**About this exercise**: Take from the entries below the stretch from the line with "BANC | Bulă, Bubulina și psihologul" through the line with "Celtic Cross Memorial Png 06212024 PNG image", and return it exactly, leaving the pictures out.

**Supplied information**:
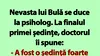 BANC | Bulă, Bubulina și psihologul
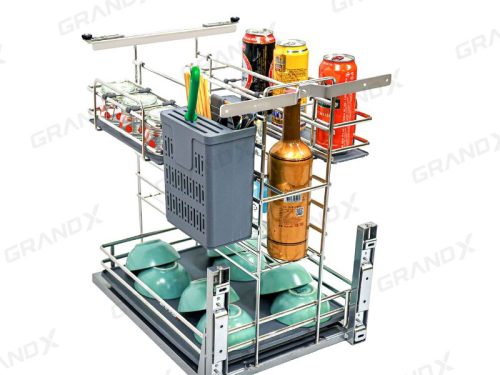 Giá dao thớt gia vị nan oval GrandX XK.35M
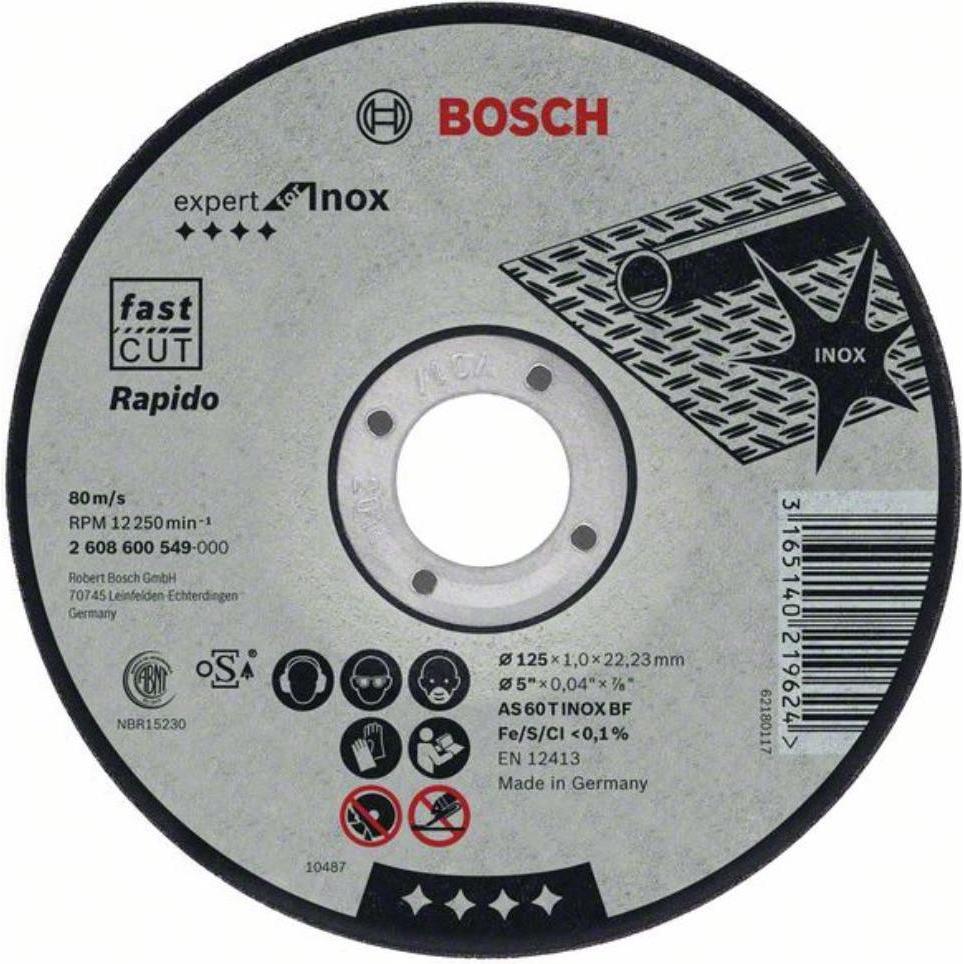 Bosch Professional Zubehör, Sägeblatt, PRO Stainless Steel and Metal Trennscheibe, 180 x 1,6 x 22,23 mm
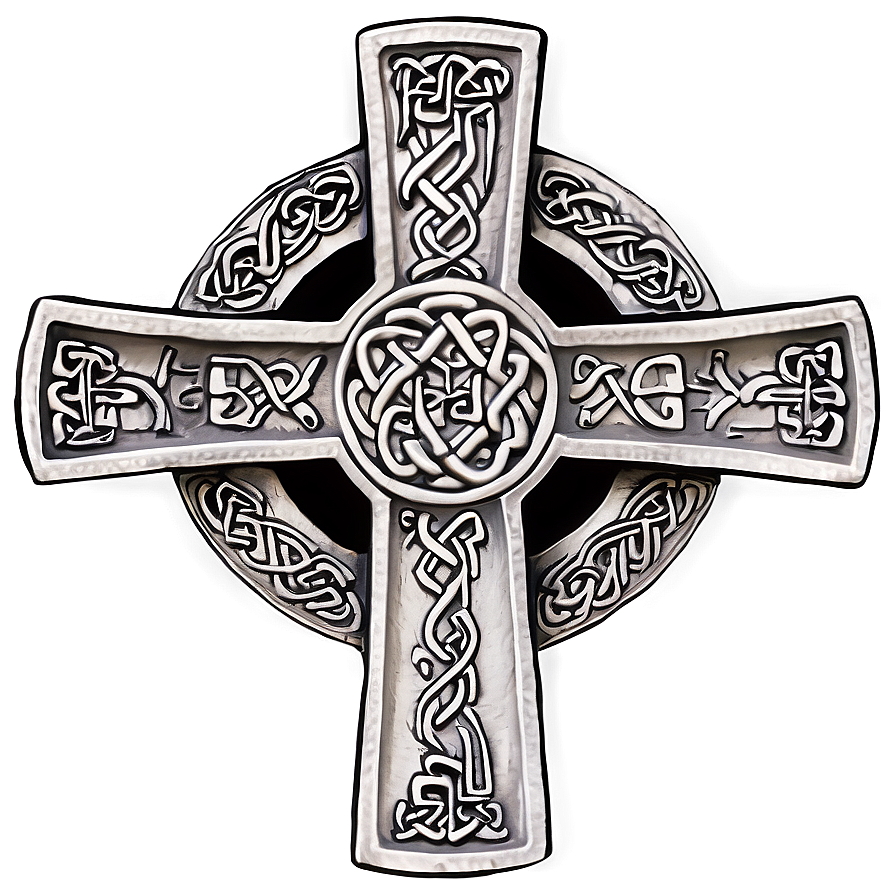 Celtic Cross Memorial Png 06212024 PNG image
--
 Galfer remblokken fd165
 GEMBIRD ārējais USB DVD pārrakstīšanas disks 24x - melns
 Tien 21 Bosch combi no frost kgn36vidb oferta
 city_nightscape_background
* * *
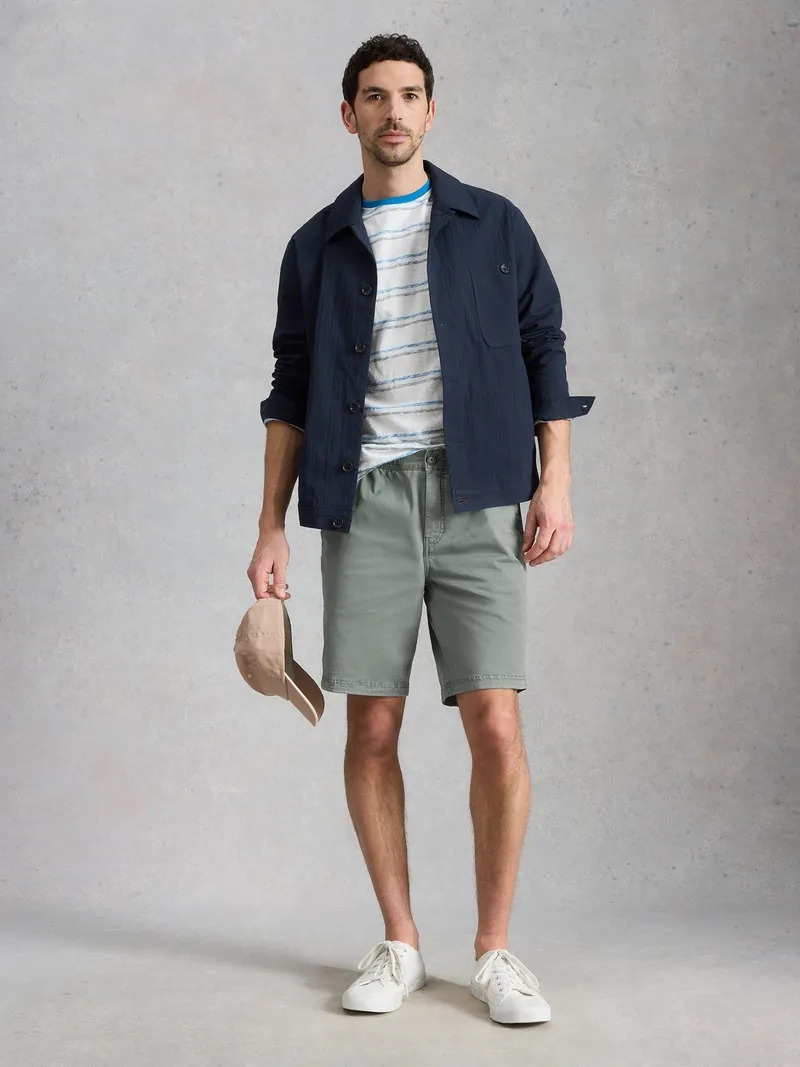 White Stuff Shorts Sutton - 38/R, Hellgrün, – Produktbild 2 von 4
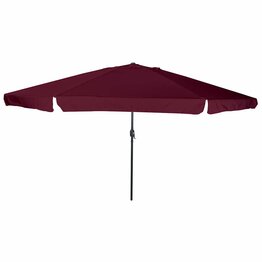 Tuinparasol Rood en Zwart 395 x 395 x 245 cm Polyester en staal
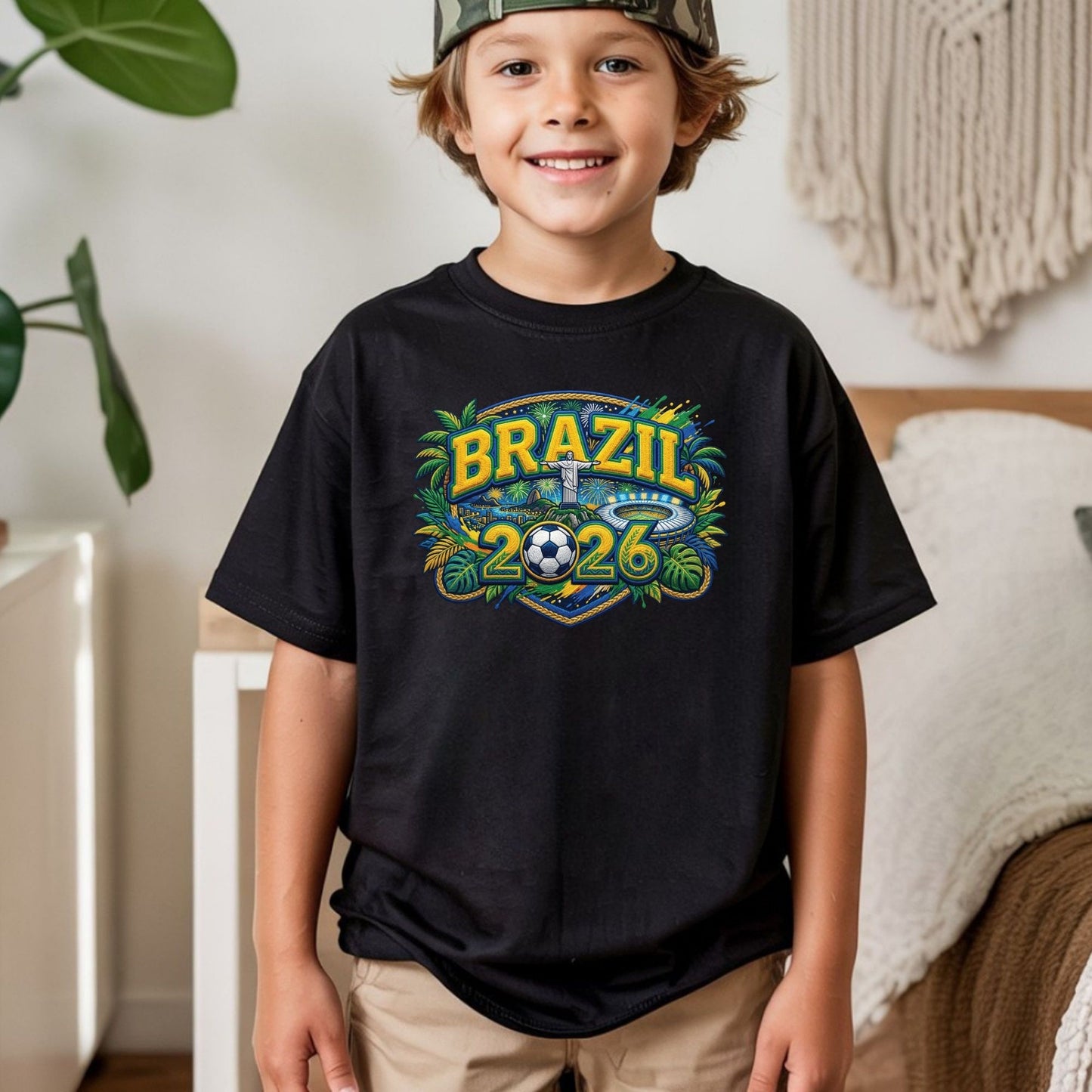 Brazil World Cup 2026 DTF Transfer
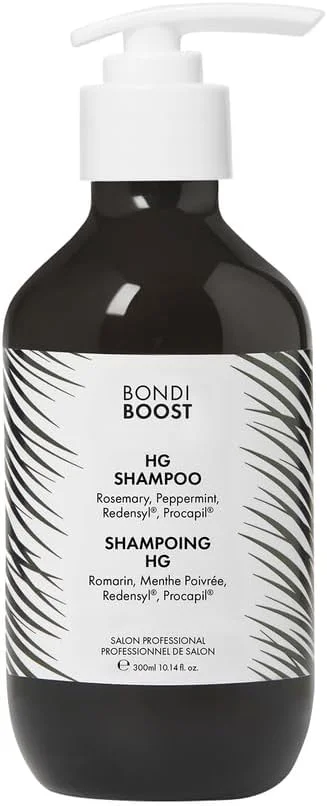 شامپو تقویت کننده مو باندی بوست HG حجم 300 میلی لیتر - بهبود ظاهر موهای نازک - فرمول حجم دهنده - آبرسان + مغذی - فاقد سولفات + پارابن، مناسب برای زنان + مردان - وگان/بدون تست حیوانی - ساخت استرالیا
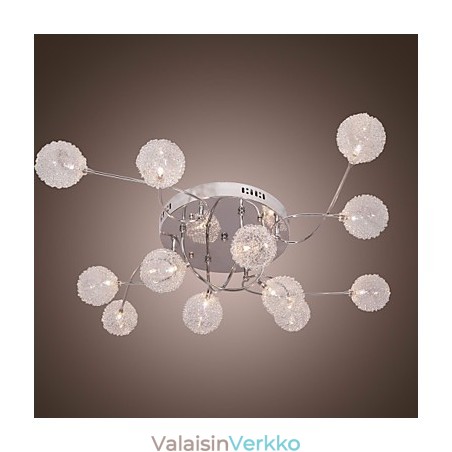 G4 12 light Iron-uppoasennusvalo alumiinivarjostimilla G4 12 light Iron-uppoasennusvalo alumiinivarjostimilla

**Written reply**:
 BANC | Bulă, Bubulina și psihologul
 Giá dao thớt gia vị nan oval GrandX XK.35M
 Bosch Professional Zubehör, Sägeblatt, PRO Stainless Steel and Metal Trennscheibe, 180 x 1,6 x 22,23 mm
 Celtic Cross Memorial Png 06212024 PNG image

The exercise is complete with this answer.